Let's build a separate model for each type of coupling. Dataset is split into 5 pieces and in this kernel we will use only 3 folds for speed up.

Main tuning parameter is the number of atoms. I took good numbers, but accuracy can be improved a bit by tuning them for each type.

In [None]:
submission = submission_csv.copy()

#cv_scores = {}
for coupling_type in model_params.keys():
    cv_score = train_and_predict_for_one_coupling_type(
        coupling_type, submission, n_atoms=model_params[coupling_type])

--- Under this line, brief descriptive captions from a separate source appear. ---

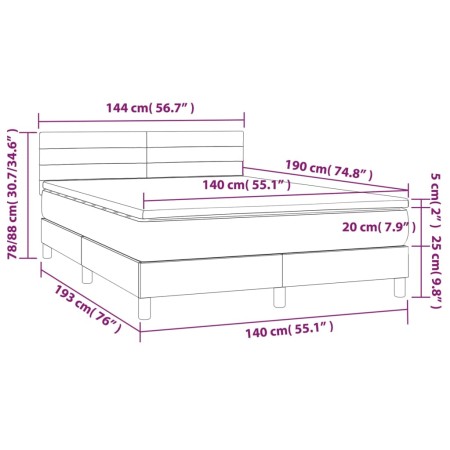 Letto a Molle Materasso e LED MarroneScuro 140x190cm in Tessuto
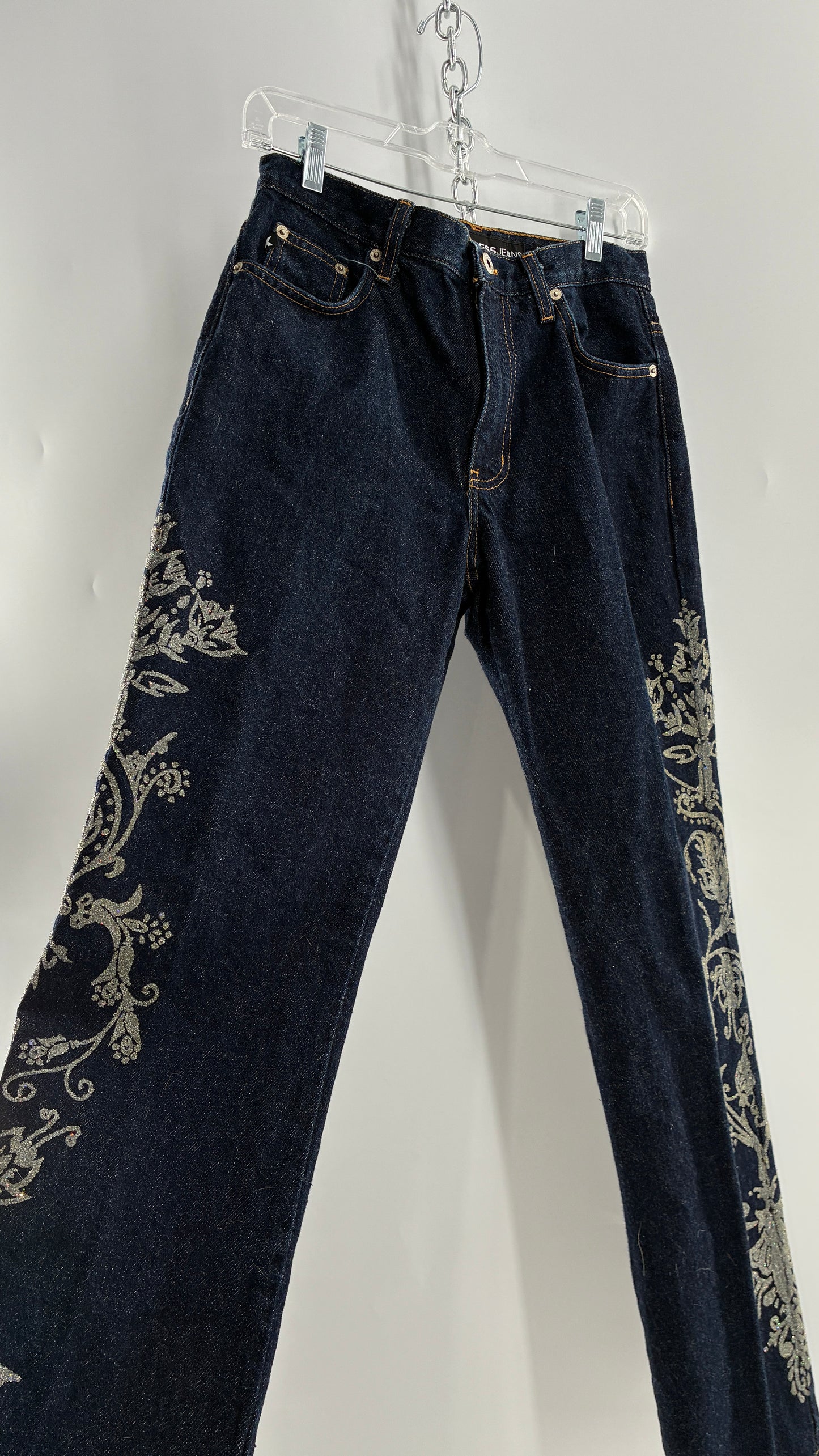Vintage EXPRESS JEANS Dark Wash with Iridescent, Embellished, Textured Design Running Down Pant Leg (3/4)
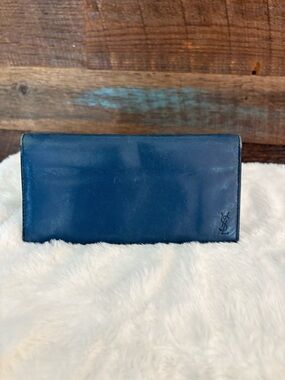 Yves Saint Laurent Deep Blue Leather Continental Wallet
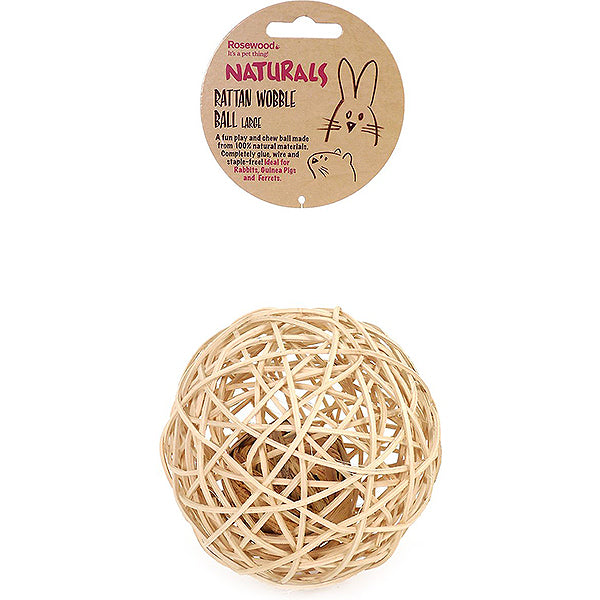 Naturals Rattan Wobble Ball Small Animal Chew Toy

Checking cross-validation scores for each type:

In [None]:
# pd.DataFrame({'type': list(cv_scores.keys()), 'cv_score': list(cv_scores.values())})

And cv mean score:

In [None]:
#np.mean(list(cv_scores.values()))

Sanity check for all cells to be filled with predictions:

In [None]:
submission[submission['scalar_coupling_constant'] == 0].shape

In [None]:
submission.head(10)

In [None]:
submission.to_csv(f'{SUBMISSIONS_PATH}/submission.csv')

## Room for improvement

There are many steps, how to improve the score for this kernel:
* Tune LGB hyperparameters - I did nothing for this
* Tune number of atoms for each type
* Try to add other features
* Play with categorical features for atom types (one-hot-encoding, CatBoost?)
* Try other tree libraries

Also, this representation fails badly on `*JHC` coupling types. The main reason for this is that 3rd and 4th atoms are usually located on the same distance and representation starts "jittering" randomly picking one of them. So, two similar configurations will have different representation due to usage of 3/4 of 4/3 distances.

The biggest challenge would be to implement handcrafted KNN with some compiled language(Rust, C++, C).

Would be cool to see this kernel forked and addressed some of the issues with higher LB score.